As onetime conservative talk show host Charlie Sykes put it, "Anti-Semitism, ok. Racism, ok. Alt-right, ok. Advocacy of pedophilia? Is THAT the bridge too far?"
Along with longtime Breitbart cohort Steve Bannon, the foppish Yiannopoulos – the co-author of the Alt-Right's unofficial manifesto – has until now been extremely successful in selling the various intellectual justifications for Trumpism.
In particular, he's been one of the main voices pushing the idea that Donald Trump's most lurid and offensive behaviors are "conservative," because they represent a front in the war against speech limits and political correctness.
"He'd rather grab a pussy than be one," was Milo's pithy take on then candidate Trump's Access Hollywood scandal.
Not all traditional conservatives bought these clunky rhetorical gymnastics, which were designed to give Fox viewers permission to vote a Bible-averse, model-humping New Yorker into the White House. But enough did to win Trump the presidency.
Still, there has been a lingering unwillingness among the National Review/Weekly Standard crew of Reagan Republicans to embrace Yiannopoulos and all he represents.
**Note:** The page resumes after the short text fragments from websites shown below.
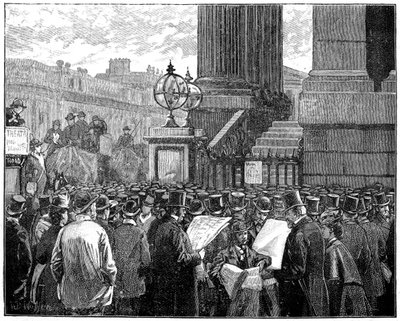 Mansion House'daki kalabalık, Galler Prensi hastalığının bültenlerini okuyor, 1871 1900 by Unbekannt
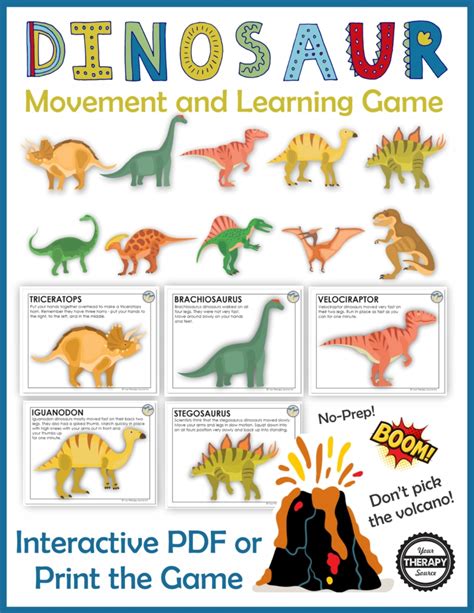 dinosaur movement game  therapy source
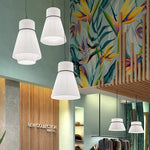 White Fabric LED Pendant Chandelier, Minimalist Living Room Ceiling Light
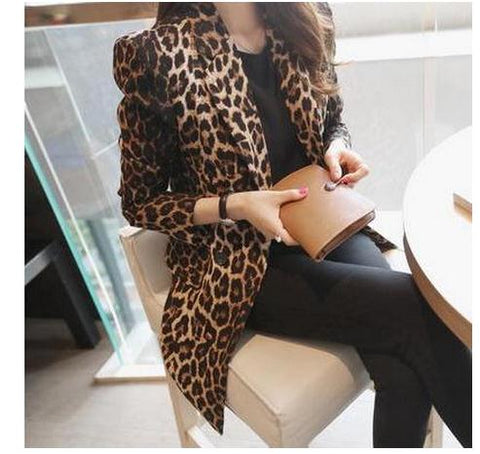 Spring  Women Blazer Slim Full Leopard Print Suit Jacket Female One Button Outerwear Plus Size Blazers S-3Xl J863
That unwillingness spilled into open conflict when the loathsome campus agitator was named a keynote speaker at this week's Conservative Political Action Conference.
A blog called the Reagan Battalion re-circulated excerpts of a year-old interview of Milo by the Drunken Peasants podcast, in which he clearly endorses sex between men and underage boys.
Yiannopoulos talked about how "we get hung up on this kind of child abuse stuff," dismissing what he calls the "oppressive idea of consent."
"In the homosexual world particularly," said Yiannopoulos, who is gay, "some of those relationships between younger boys and older men [are] sort of coming-of-age relationships ... in which those older men have helped those young boys to discover who they are."
When one of the podcast co-hosts suggested that it sounded like he was talking about Catholic priest molestation, Yiannopoulous quickly co-signed, claiming personal experience in that area.
"You know what?" he shouted. "I'm grateful for Father Michael. I wouldn't give nearly such good head if it wasn't for him."
When challenged that he seemed to be endorsing pedophilia, Yiannopoulos then retreated to a semantic argument.
"You're misunderstanding what pedophilia means," he said. "Pedophilia is not a sexual attraction to somebody 13 years old, who is sexually mature. Pedophilia is attraction to children who have not reached puberty."
After a scandal blew up over these words, Yiannopoulos used a technique that Donald Trump has used often in the past two years: He simply claimed he didn't say what he said.
Blaming "sloppy editing" for the controversy, Yiannopoulos insisted on his Facebook page, "I was talking about my own relationship when I was 17 with a man who was 29." He added, "The age of consent in the UK is 16. That was a mistake."
This was despite the fact that Yiannopoulos explicitly talked about "sexually mature" 13-year-olds in the context of who can and cannot be a consenting adult. He has made similar remarks before – he revels in them, in fact. When he appeared on the Joe Rogan podcast last summer, for instance, he couldn't help himself when Rogan brought up the "semen warrior" culture in Papua New Guinea.
"These men who take these young boys, " said Rogan, "and inseminate them, and put cum in their mouths and their asses to make them grow..."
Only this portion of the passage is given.